Hopefully, you’re enjoying retirement so much that you’ve barely noticed that the end of the year is creeping up again. And while we don’t want to stand in the way of all the adventures and enjoyment, it’s important to take a few moments as we approach the end of the year to check in on your finances. To keep things running smoothly, you’ll want to evaluate your spending since ringing in the new year last January and plan for the year ahead. As you review your expenses, there are a few items you’ll want to make sure you take care of before we hit 2024. Here’s a financial checklist for retirees to help keep your peace of mind in retirement.
End-of-year financial checklist for retirees
Required minimum distributions (RMDs)
You are required to take RMDs from tax-qualified accounts like a traditional 401(k), 403(b) or IRA starting no later than April 1st of the year following the year in which you turn 73. It is important to take these distributions by year-end to avoid costly taxes and penalties.
Keep wills and trusts up to date
Review your wills and/or revocable living trust to ensure that documents list the appropriate executors, trustees and guardians. Also, make sure your beneficiaries are up to date—especially if you’ve welcomed grandchildren to the family. Remember, an estate plan is a good idea for everyone, regardless of your net worth.
Rebalance your portfolio
In retirement, it’s still important to own stocks, bonds and other assets in your portfolio. The volatility in the markets during the past few years may have caused your exposure to these assets to change in ways that may be at odds with the amount of risk you’re comfortable taking. Rebalancing your portfolio brings your asset allocation back in line with your comfort level. While rebalancing on a regular basis is always a good idea, it can be even more important following big market moves.
Year-end financial checklist
Download your complimentary copy of Year-end planning considerations checklist. This checklist can help you take stock of your finances and the state of your retirement plan.
Recognize capital gains or losses
Selling investments at a loss hurts but can also reduce your taxable income for the year. It's called tax-loss harvesting. Depending on your situation, you may also want to sell investments that have appreciated and realize gains.

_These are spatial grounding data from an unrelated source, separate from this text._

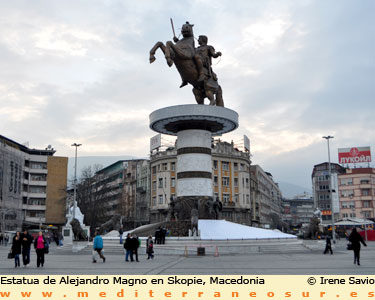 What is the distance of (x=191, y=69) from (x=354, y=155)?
7017 cm

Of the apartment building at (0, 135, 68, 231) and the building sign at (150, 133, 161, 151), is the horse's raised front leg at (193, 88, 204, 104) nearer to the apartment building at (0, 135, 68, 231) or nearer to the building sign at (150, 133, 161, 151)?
the building sign at (150, 133, 161, 151)

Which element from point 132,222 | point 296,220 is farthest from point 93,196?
point 296,220

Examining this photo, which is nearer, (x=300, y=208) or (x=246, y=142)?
(x=246, y=142)

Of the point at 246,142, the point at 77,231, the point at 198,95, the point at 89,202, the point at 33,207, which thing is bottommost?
the point at 77,231

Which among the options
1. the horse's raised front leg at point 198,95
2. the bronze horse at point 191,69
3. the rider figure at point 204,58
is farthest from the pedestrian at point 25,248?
the horse's raised front leg at point 198,95

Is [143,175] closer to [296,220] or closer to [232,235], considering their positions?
[232,235]

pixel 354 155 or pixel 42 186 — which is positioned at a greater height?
pixel 354 155

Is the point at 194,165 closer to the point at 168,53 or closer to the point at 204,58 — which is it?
the point at 168,53

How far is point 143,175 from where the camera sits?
295 ft


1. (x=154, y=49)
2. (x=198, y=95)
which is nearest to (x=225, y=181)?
(x=198, y=95)

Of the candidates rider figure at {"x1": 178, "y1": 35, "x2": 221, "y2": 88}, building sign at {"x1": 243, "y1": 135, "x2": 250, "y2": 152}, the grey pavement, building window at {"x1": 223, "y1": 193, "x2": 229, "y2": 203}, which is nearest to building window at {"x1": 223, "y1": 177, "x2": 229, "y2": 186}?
building window at {"x1": 223, "y1": 193, "x2": 229, "y2": 203}

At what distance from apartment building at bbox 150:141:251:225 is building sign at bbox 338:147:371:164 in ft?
89.9

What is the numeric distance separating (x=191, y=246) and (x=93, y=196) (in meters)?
43.5

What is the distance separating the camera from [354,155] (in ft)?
316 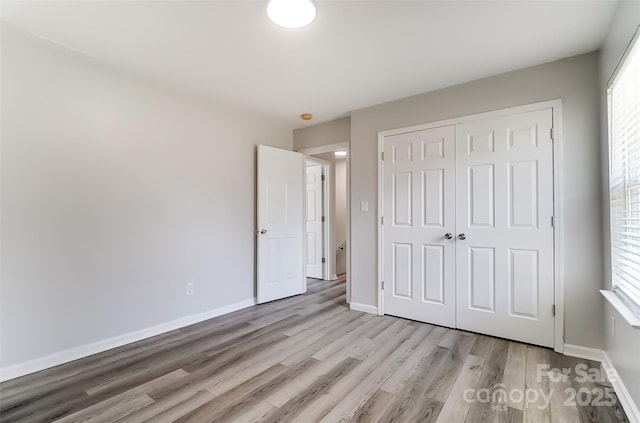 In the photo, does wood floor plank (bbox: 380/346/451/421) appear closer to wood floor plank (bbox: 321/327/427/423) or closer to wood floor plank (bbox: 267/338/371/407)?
wood floor plank (bbox: 321/327/427/423)

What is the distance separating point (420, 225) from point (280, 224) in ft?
5.88

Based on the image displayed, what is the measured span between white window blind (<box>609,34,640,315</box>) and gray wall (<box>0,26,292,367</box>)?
3.32 metres

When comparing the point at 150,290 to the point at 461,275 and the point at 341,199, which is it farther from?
the point at 341,199

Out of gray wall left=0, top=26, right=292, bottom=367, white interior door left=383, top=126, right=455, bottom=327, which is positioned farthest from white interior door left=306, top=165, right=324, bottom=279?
white interior door left=383, top=126, right=455, bottom=327

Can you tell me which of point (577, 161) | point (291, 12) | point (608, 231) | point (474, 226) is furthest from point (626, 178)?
point (291, 12)

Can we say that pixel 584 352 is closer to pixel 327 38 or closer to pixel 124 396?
pixel 327 38

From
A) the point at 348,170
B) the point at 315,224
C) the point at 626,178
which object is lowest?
the point at 315,224

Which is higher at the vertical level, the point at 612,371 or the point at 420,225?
the point at 420,225

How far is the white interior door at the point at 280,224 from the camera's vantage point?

It’s a good idea to work with a financial planner or tax attorney to think strategically about when it makes the most sense to recognize capital gains or losses.
Review charitable giving
Discuss charitable gift-giving strategies with your advisor or tax attorney for income tax deductions and to provide immediate and future benefits to charity over time. If you’re 70½ or older, consider charitable distributions from a qualified retirement account—up to $100,000 per year. That distribution is excluded from income, and distributions made when you are 73 or older can satisfy RMD requirements.
Review annual and lifetime giving
You may want to consider giving income-producing assets to children in lower income brackets to reduce the family’s overall tax burden. If you have a large estate, you may want to take advantage of favorable current tax exemptions to make large gifts to dynasty trusts that can endure for multiple generations. The 2017 tax law effectively doubled the gift, estate and generation-skipping transfer (GST) tax exemptions, and it has been indexed for inflation each year. However, that may not be the case if tax policies are altered in the future.
Update your spending plan
Review your 2023 spending, and then build your plan for 2024. Tracking your spending can help you understand where your money is going and whether it's time to cut some spending on things that may not be as important to you. And don’t forget to account for any big-ticket expenses you expect to have in the coming year—medical procedures, travel, etc. Keeping track of your spending in retirement is important and can help you make the most of the savings you’ve amassed as well as other guaranteed, fixed income streams. Balancing spending priorities with your savings will help you make your money go further while making sure you’re able to spend on the things that are important today.